(Web page caption snippets)
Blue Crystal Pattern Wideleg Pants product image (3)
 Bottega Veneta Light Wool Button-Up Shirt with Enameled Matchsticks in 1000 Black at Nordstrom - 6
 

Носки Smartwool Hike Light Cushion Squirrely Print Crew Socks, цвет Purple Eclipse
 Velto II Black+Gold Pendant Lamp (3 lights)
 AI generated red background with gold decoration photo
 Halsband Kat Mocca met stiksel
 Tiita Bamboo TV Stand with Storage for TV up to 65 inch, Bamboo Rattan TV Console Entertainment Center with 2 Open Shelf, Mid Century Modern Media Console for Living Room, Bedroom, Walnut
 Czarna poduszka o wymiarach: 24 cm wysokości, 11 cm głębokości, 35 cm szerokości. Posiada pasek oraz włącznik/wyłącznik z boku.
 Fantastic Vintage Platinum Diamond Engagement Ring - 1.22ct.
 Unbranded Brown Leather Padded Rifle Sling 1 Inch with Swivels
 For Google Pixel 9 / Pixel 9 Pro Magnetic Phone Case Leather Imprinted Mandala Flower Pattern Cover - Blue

| WORK REQUIRED |
Going back to the entries above, set down exactly the lines that begin at the one with "Halsband Kat Mocca met stiksel" and end at the one with "Czarna poduszka o", both included, and nothing else.

| COMPLETED TASK |
 Halsband Kat Mocca met stiksel
 Tiita Bamboo TV Stand with Storage for TV up to 65 inch, Bamboo Rattan TV Console Entertainment Center with 2 Open Shelf, Mid Century Modern Media Console for Living Room, Bedroom, Walnut
 Czarna poduszka o wymiarach: 24 cm wysokości, 11 cm głębokości, 35 cm szerokości. Posiada pasek oraz włącznik/wyłącznik z boku.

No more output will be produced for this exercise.